November 2009, Vol. 21, No.11

Research Notes

Research Notes - Method Shows Promise for Removing Groundwater Nitrate, Researchers Say

While it might sound like a nighttime hot spot to get drinks in Copenhagen, Nitrabar is actually a new nitrate-removal technology developed by a team of European researchers. Nitrabar filters nitrate-rich water using a permeable reactive barrier.

The system consists of a trench dug at a site where its location and depth are appropriate to intercept shallow groundwater heading for a larger waterbody, said Bruce Howard, Nitrabar project manager. The trench is filled with crushed rock and organic material, such as mulch. This creates optimal conditions, according to Howard, for bacteria naturally occurring in the ground to convert nitrate to nitrogen gas through microbial denitrification.

The Nitrabar system is designed for uses in agricultural locations where nitrate easily accumulates in groundwater and ends up in nearby rivers. Excessive amounts of nitrogen in waterbodies can cause algal blooms, resulting in “dead zones,” where little aquatic life can survive. The Nitrabar project is an endeavor to stop the flow of nitrogen at its agricultural source.

At a demonstration site operating since early 2008 in Ballymena in Northern Ireland, the Nitrabar system has achieved a reduction of more than 85% in the nitrate that flows through the barrier, Howard said. Though the demonstration ended in September, members of the international research team are taking the acquired knowledge and promoting it in their homelands across Europe.

Howard estimated that the cost of a 100-m Nitrabar trench at $1000 to $2000, making it a low-cost, decentralized solution for preventing nitrate buildups in local waters. Length and depth of the trench are variable, based on location. Howard noted that “in many cases, the mulch used may be a waste material,” furthering the environmental stewardship of the system. For more information, see

Atom Substitution Improves Water Decontamination

Sandia National Laboratories has created a new compound that removes bacterial, viral, and other organic and inorganic contaminants from water.

Scientists substituted an atom in the water treatment coagulant aluminum oxide, commonly used to purify water, with an atom of gallium to create a compound that resists forming larger, less-reactive aggregates before use.
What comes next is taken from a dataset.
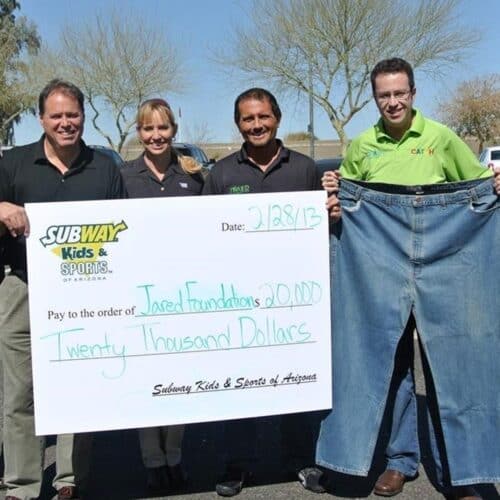 Jared “The Subway Guy” Fogle Launching Wellness Program in Valley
This leads to a longer shelf life than that of related products, according to a Sandia news release.

The gallium atom improves stability and effectiveness of the reagent, according to Sandia principal investigator May Nyman. The coagulant attracts and binds contaminants effectively because it maintains its electrostatic charge more reliably than conventional coagulants without gallium, the news release says. “We’ve done side-by side tests with a variety of commercially available products,” Nyman said. “For almost every case, ours performs best under a wide range of conditions.”

The decontaminant is designed to clean river water before it’s treated for consumption or to clean treated wastewater before it enters the environment, according to the news release. The water treatment coagulant works best in natural systems that have fluctuations in pH, temperature, turbidity, and water chemistry, Nyman explained. These fluctuations are common in natural water sources and vary from one source to the next, the news release says.

Substituting a gallium atom for an aluminum atom was studied by collaborators at the University of California–Davis but had not been used in an application until the work at Sandia, Nyman said.

The atoms are substituted by dissolving aluminum salts in water, dissolving gallium salts into a sodium hydroxide solution, and then slowly adding the sodium hydroxide solution to the aluminum solution while heating, the news release says. Nyman and Sandia microbiologist Tom Stewart developed this patent-pending, material-based approach to purifying water and performed treatment studies at the lab, the release says. Sandia, operated by Sandia Corp., a Lockheed Martin Corp. (Bethesda, Md.) company, is exploring the commercial potential of the compound.